§ Given records

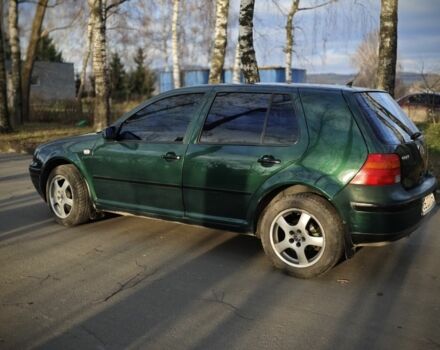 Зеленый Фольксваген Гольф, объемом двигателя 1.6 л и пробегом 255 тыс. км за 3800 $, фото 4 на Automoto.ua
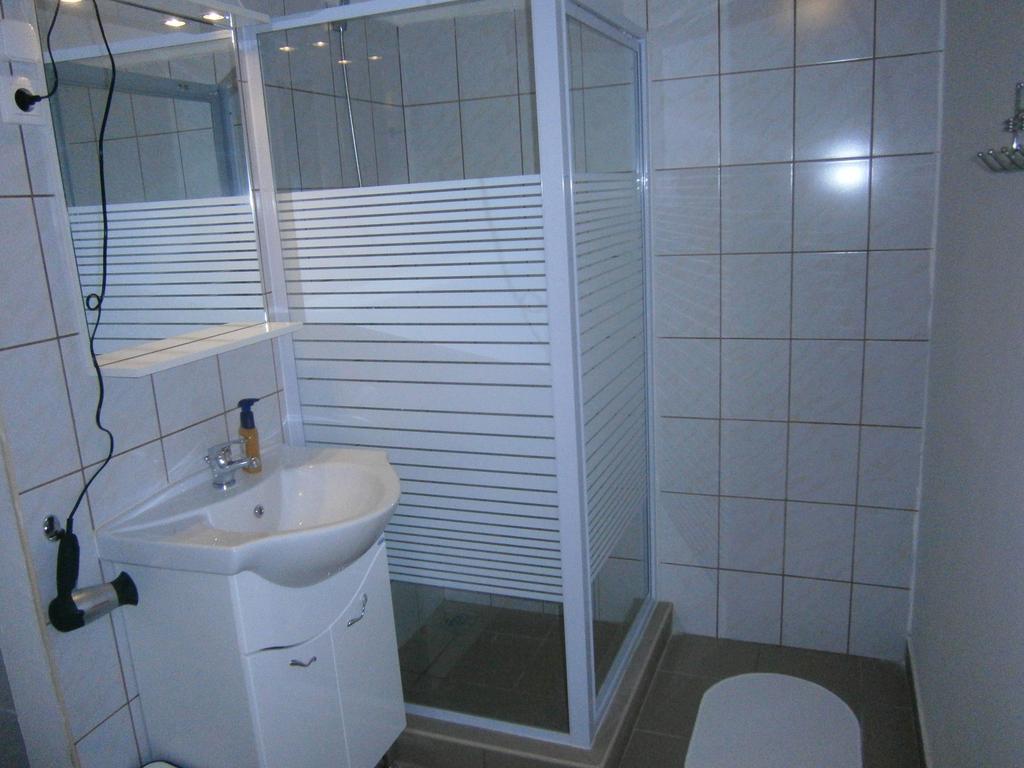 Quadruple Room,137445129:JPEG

...

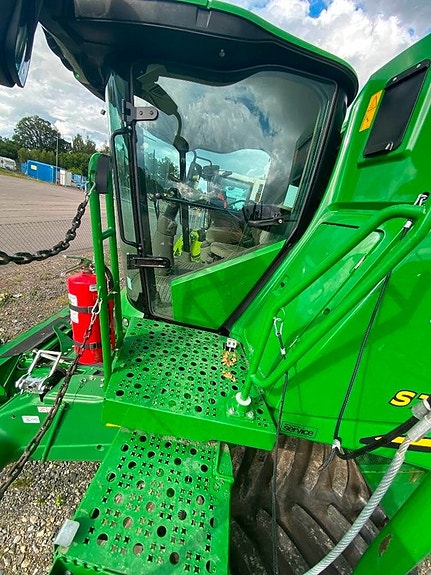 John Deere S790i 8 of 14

...

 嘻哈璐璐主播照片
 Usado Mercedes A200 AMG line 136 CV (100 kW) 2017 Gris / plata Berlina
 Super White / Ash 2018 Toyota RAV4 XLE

§ What to produce
Would you copy the lines above exactly, starting with the one that has "Зеленый Фольксваген Гольф, объемом" and ending with the one that has "Quadruple Room,137445129:JPEG", both included, without the pictures?

§ Written response
 Зеленый Фольксваген Гольф, объемом двигателя 1.6 л и пробегом 255 тыс. км за 3800 $, фото 4 на Automoto.ua
 Quadruple Room,137445129:JPEG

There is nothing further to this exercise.